### DATA LISTING
[Start of Attachment]

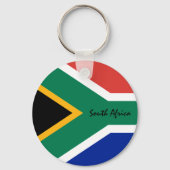 南アフリカ国旗と南アフリカの愛国者/スポーツ キーホルダー (正面)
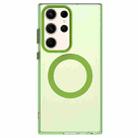 For Samsung Galaxy S23 Ultra 5G Candy Magsafe PC Hybrid TPU Phone Case(Green) - 2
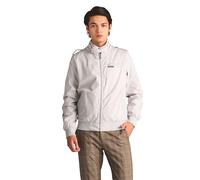 Members Only Men's Original Iconic Racer Jacket Cotton Lightweight, Light Grey, XL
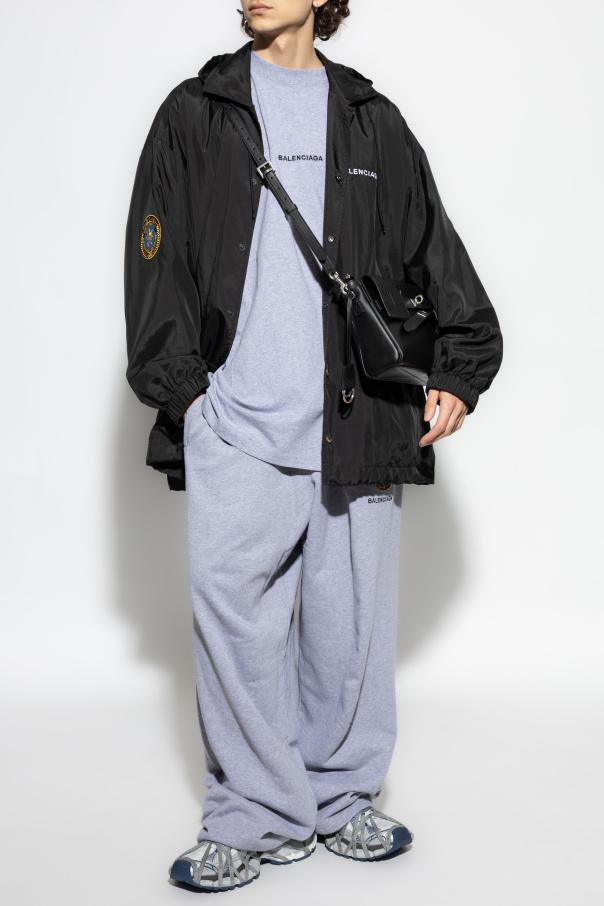 Balenciaga Calças de moletom com logotipo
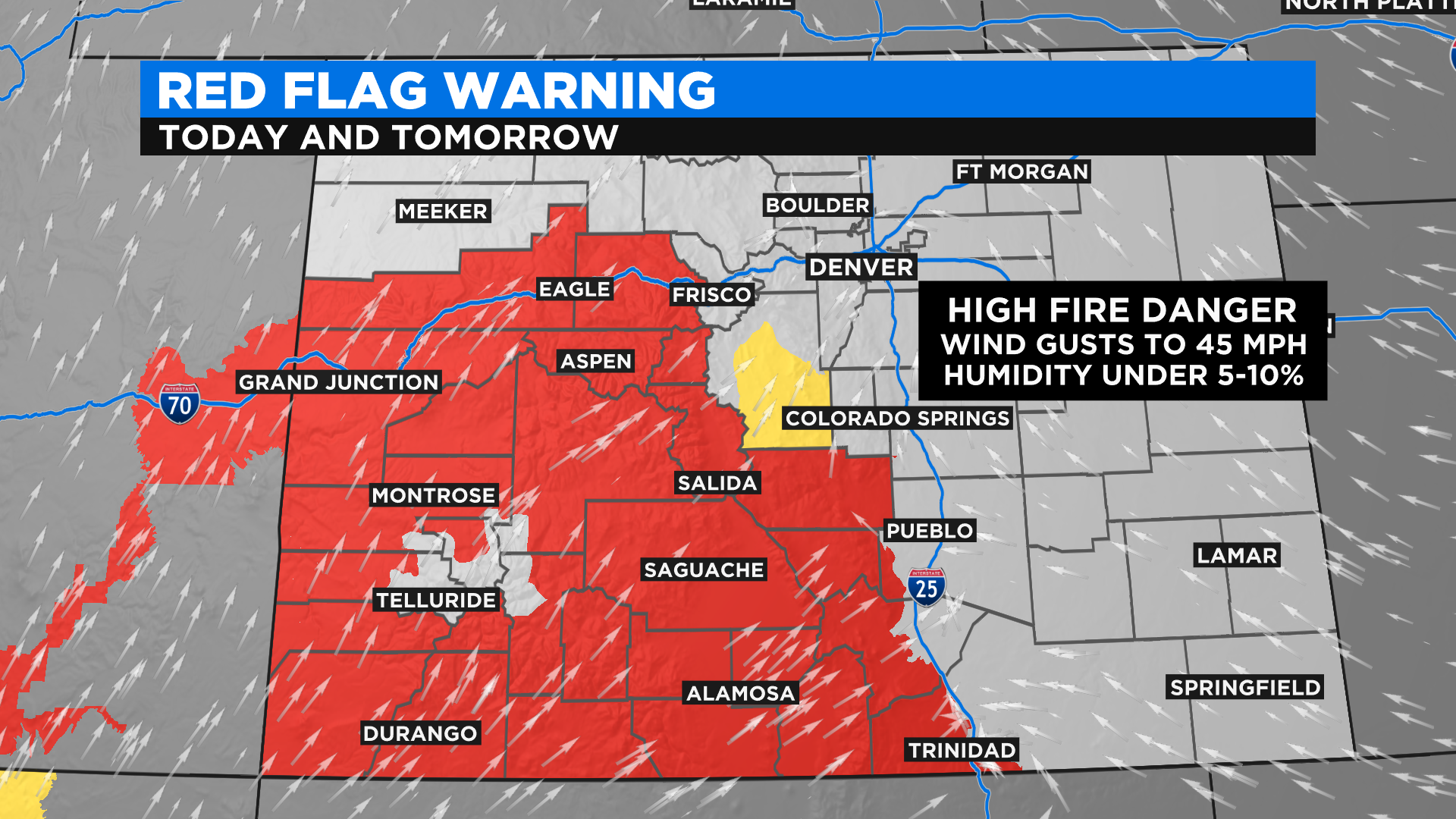 Colorado Weather: Summer-Like Temps With High Fire Danger Next Few Days ...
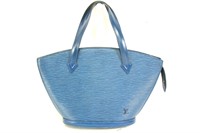 Louis Vuitton Blue St-Jacques Shoulder Bag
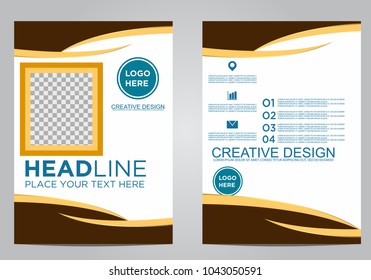 Business brochure flyer design template.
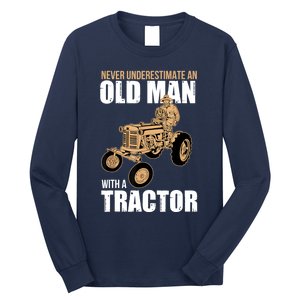 Funny Farmer Farm Tractor Farming Truck Lovers Humor Long Sleeve Shirt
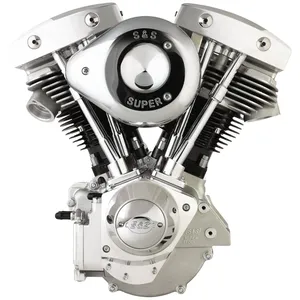 S&S, motor ensamblado completo 93ci relación de compresión 8.2:1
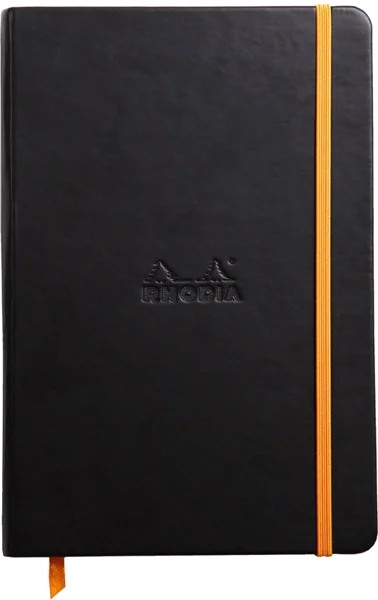 Rhodia notitieboek A5, gelinieerd als afscheidscadeau voor een collega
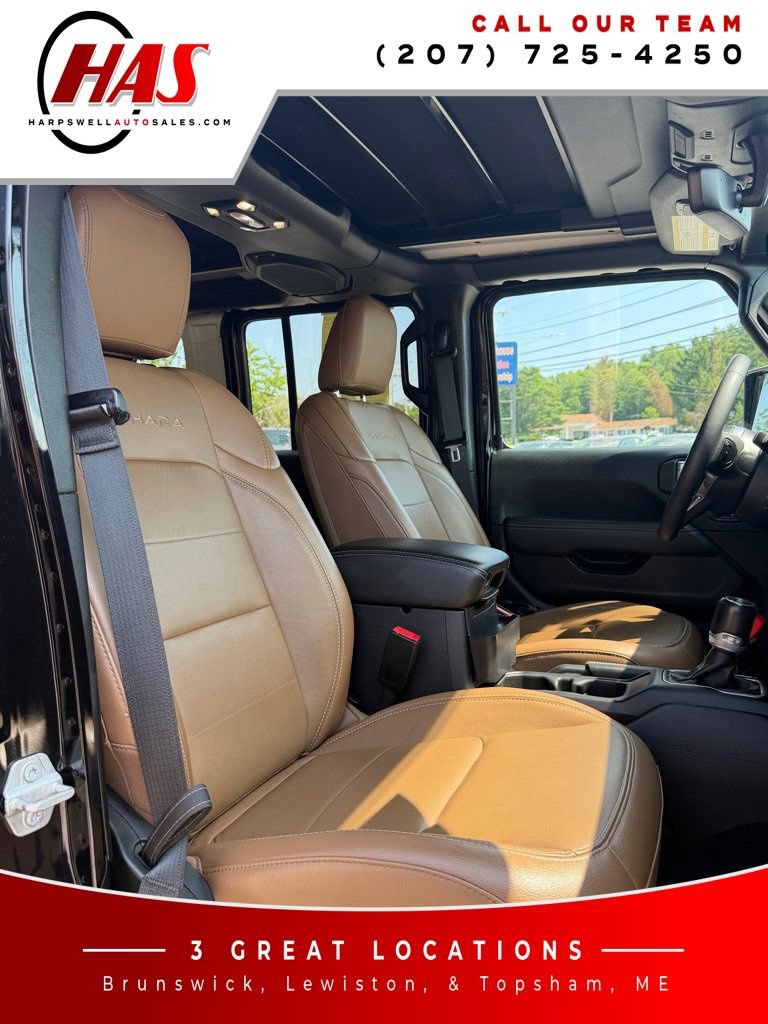 Used 2023 Jeep Wrangler Unlimited Sahara w/ Cold Weather Group AWD/4WD image 14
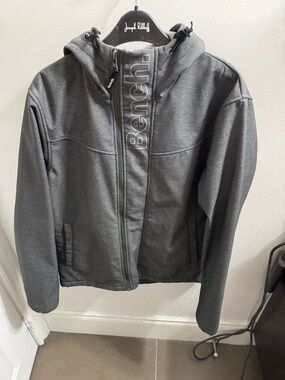 Bench Men’s Hooded Jacket in Charcoal Gray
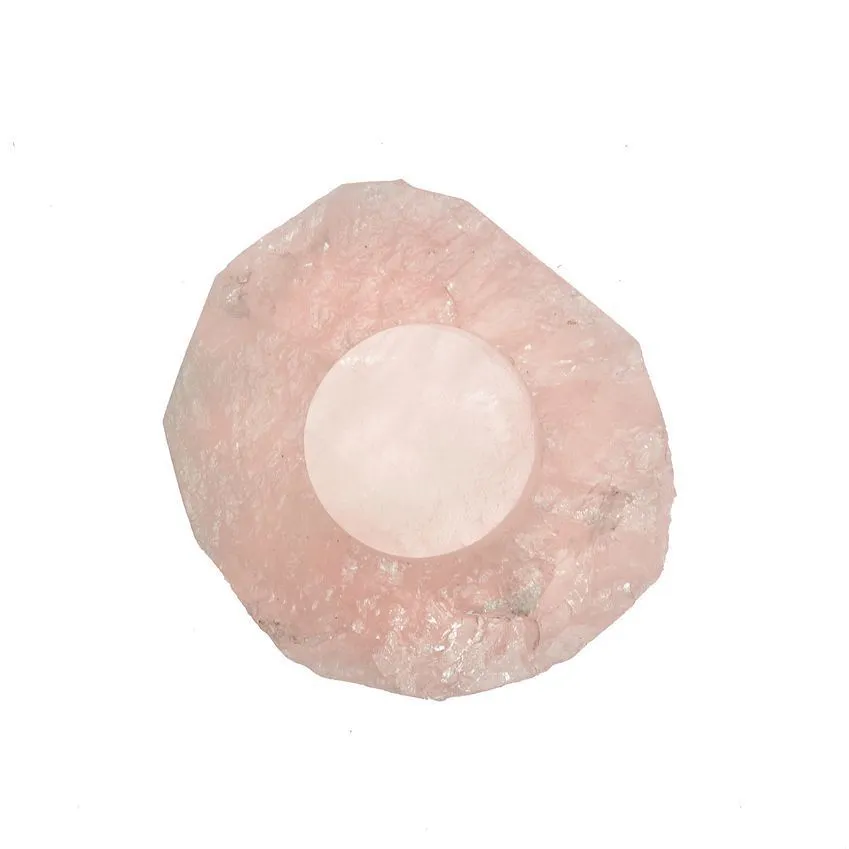 Подсвечник "Огонь любви", розовый кварц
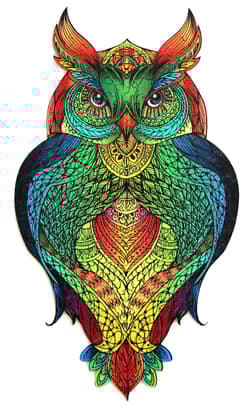 Galeria - zdjęcie nr. 2 - Puzzle 137 drewniane kolorowe Sowa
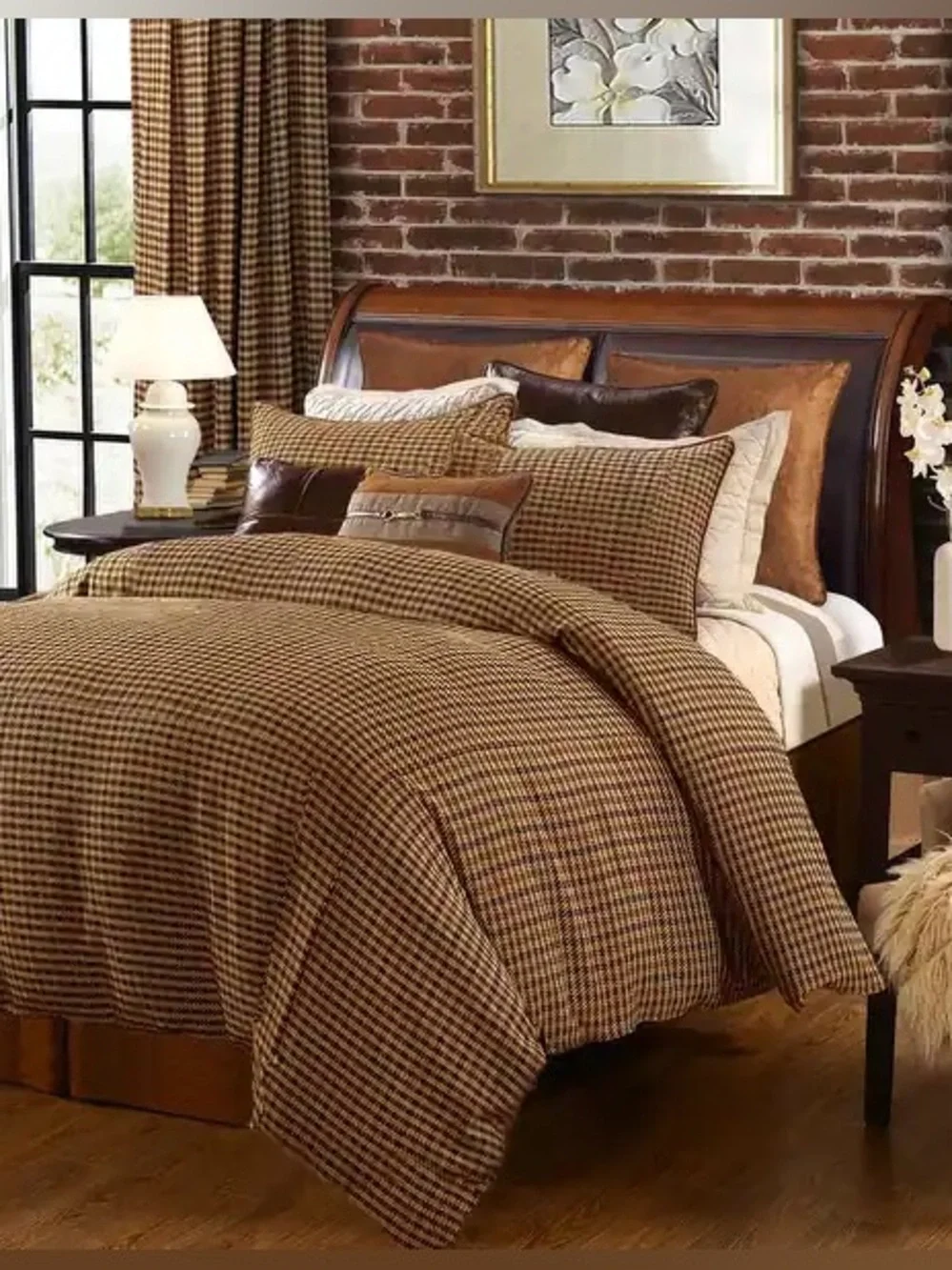 Paseo Road Clifton Woven Twill Plaid Cabin Lodge Bedding 3 Piece Comforter Full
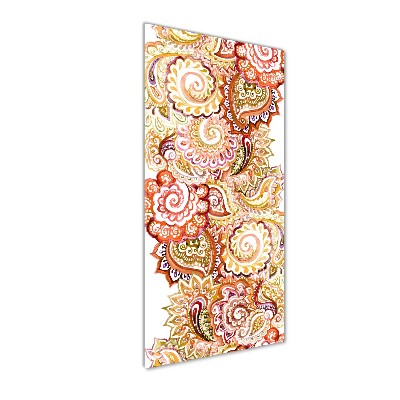 Quadro vetro verticale Ornamenti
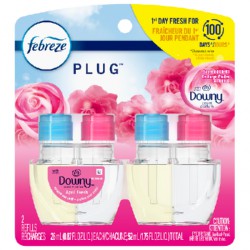 NEW Febreze Plug with Downy April Fresh Scented Oil Refill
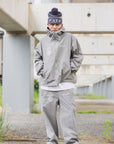 FIRE IRON CROSS EMBROIDERY NYLON PANTS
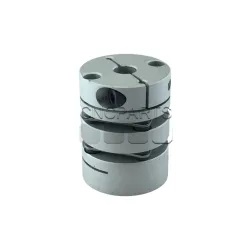 کوپلینگ coupling برند HQM اچ کیو ام شفت ورودی و خروجی 5 قطر 26 مدل HC26-L35 ساخت چین (کوپلینگ دقیق)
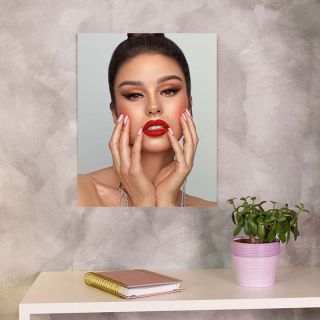 Photo sur carton mousse "Flawless" 0 Starry cils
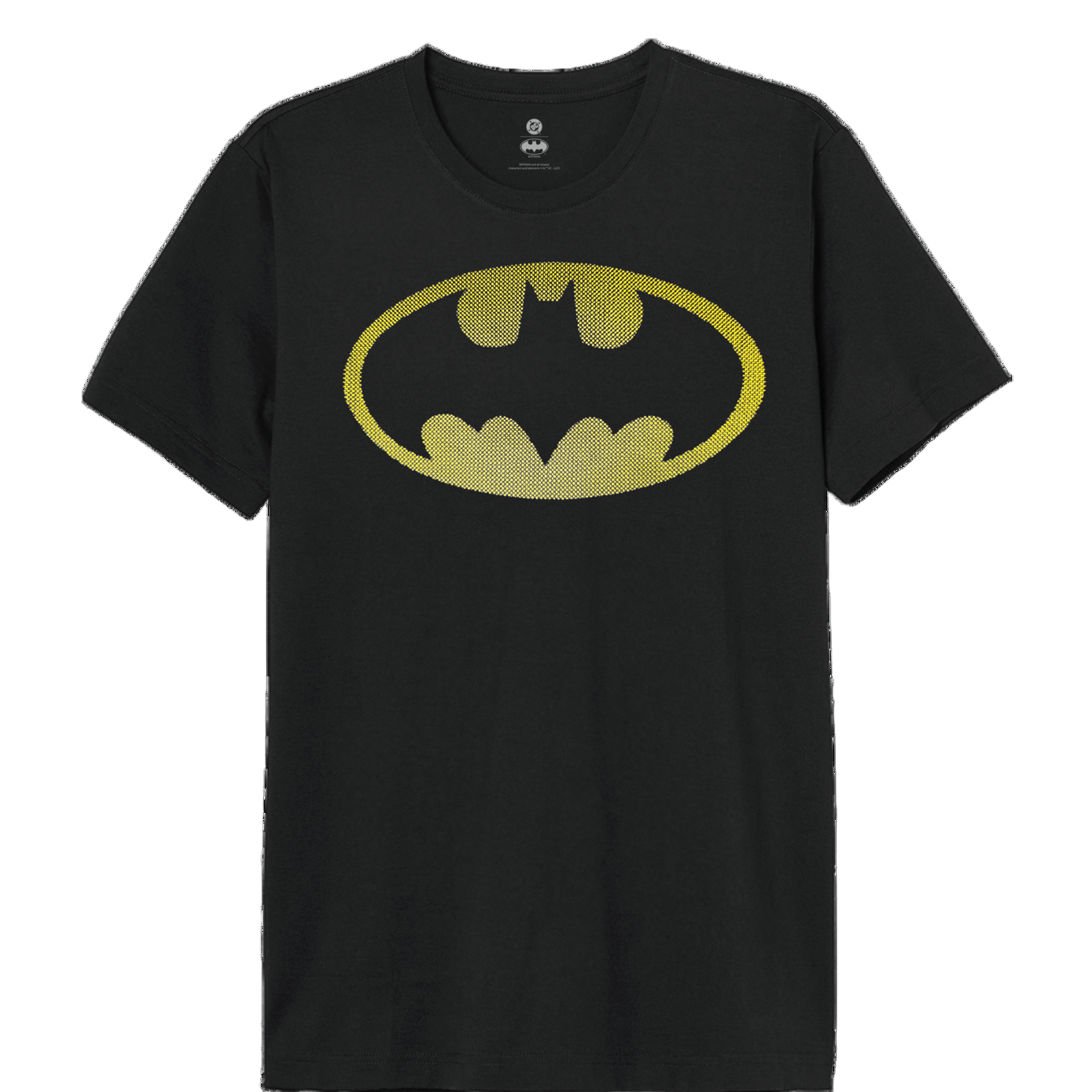 BATMAN Men T-shirt Classic LOGO - Rubber DOTS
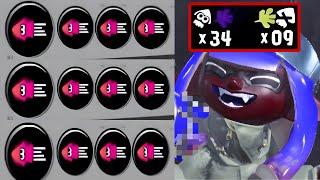 【神回】修正必須の害悪戦術で34キルしちゃったｗｗｗｗ【Splatoon3】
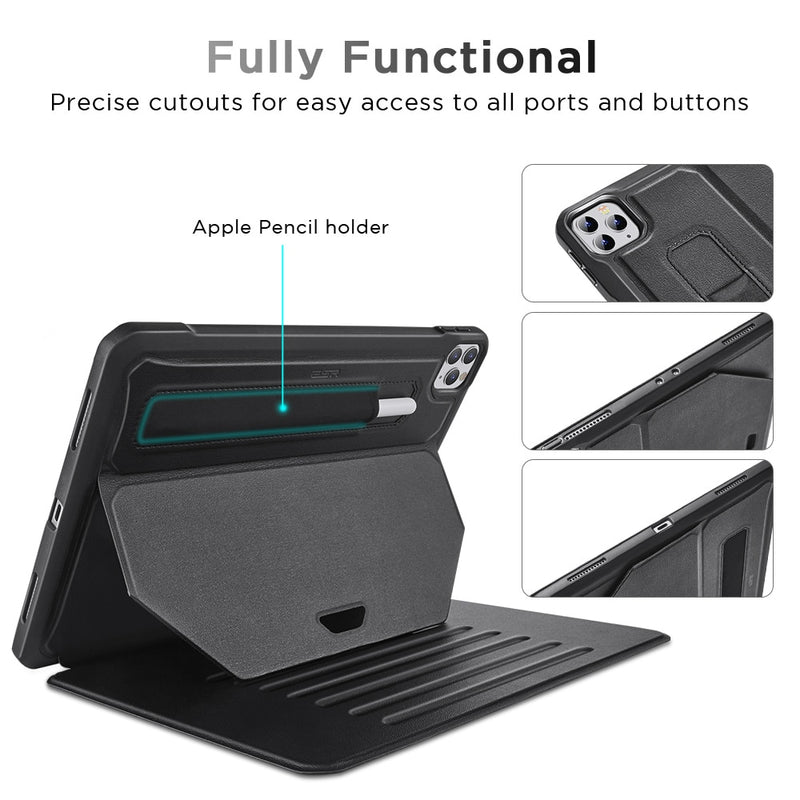 ESR Case for iPad Pro 12 9 Case 2020 2021 Stand for iPad Pro 11 Case 2021 Back Cover Sturdy Case Pencil Holder for iPad Pro 12.9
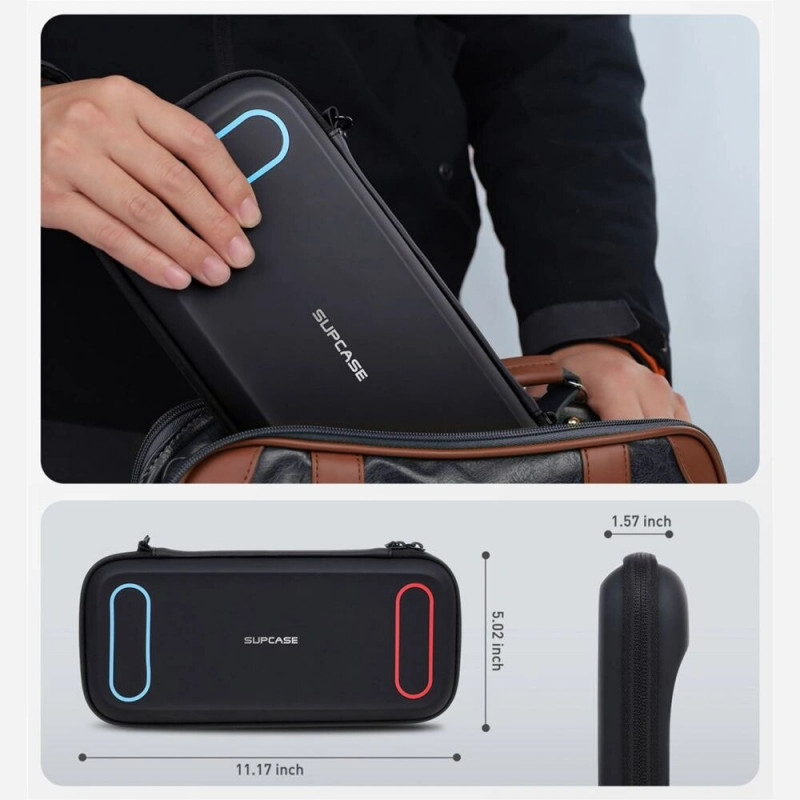 Supcase nešiojamoji mini dėžutė, skirta Nintendo Switch 2, juoda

[End of Attachment]

### TASK DESCRIPTION
Every line from the one containing "Photo sur carton" to the last line of the material must be returned exactly. Leave out any pictures.

### TASK ANSWER
 Photo sur carton mousse "Flawless" 0 Starry cils
 BATMAN Men T-shirt Classic LOGO - Rubber DOTS
 【神回】修正必須の害悪戦術で34キルしちゃったｗｗｗｗ【Splatoon3】
 ESR Case for iPad Pro 12 9 Case 2020 2021 Stand for iPad Pro 11 Case 2021 Back Cover Sturdy Case Pencil Holder for iPad Pro 12.9
 Supcase nešiojamoji mini dėžutė, skirta Nintendo Switch 2, juoda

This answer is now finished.